Life cycle of nCOVID-19 in host cell. (A color version of this figure is available in the online journal.)
Human immune system and pathogenesis of nCOVID-19
In humans, immunity is classified into two types – natural (innate) and specific (adaptive) immunity. Both of them are correlated in their action. Innate immune response is the first line of defense against pathogens and is inborn. It shows fast response and has no antigen specificity; therefore, it does not confer long lasting immunity.
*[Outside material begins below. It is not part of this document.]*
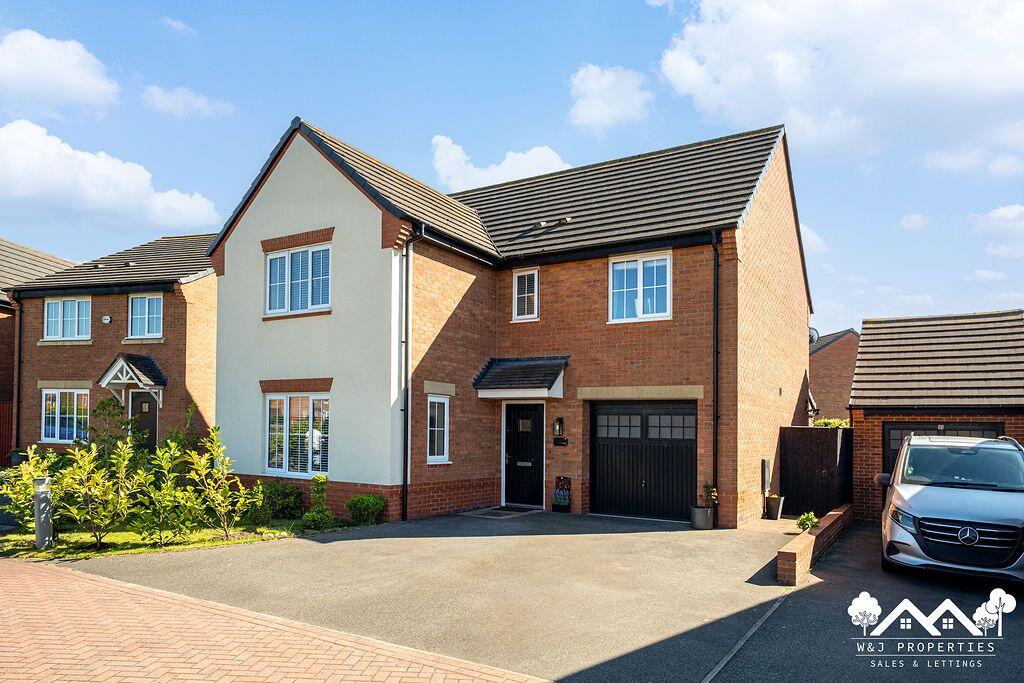 Main image of property: Newhall Road, Prescot, L34 1AQ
The human innate immune system consists of epithelial barriers (surface of skin, mucous membrane), cellular defenses (neutrophils, macrophages, dendritic cells, natural killer cells, mast cells, lymphoid cells), soluble mediators (kinins, c-reactive proteins, mannose binding lectin, surfactant coating the respiratory passages), pattern recognition receptors (PPRs) including toll-like receptors (TLRs), NOD-like receptors (NLRs), RIG-I-like receptors (RLRs), C-type lectin receptors (CLRs), etc.23 The common features observed in critically ill nCOVID-19 patients are mentioned in Table 3.24
Table 3.
The following are the common features observed in critically ill nCOVID-19 patients.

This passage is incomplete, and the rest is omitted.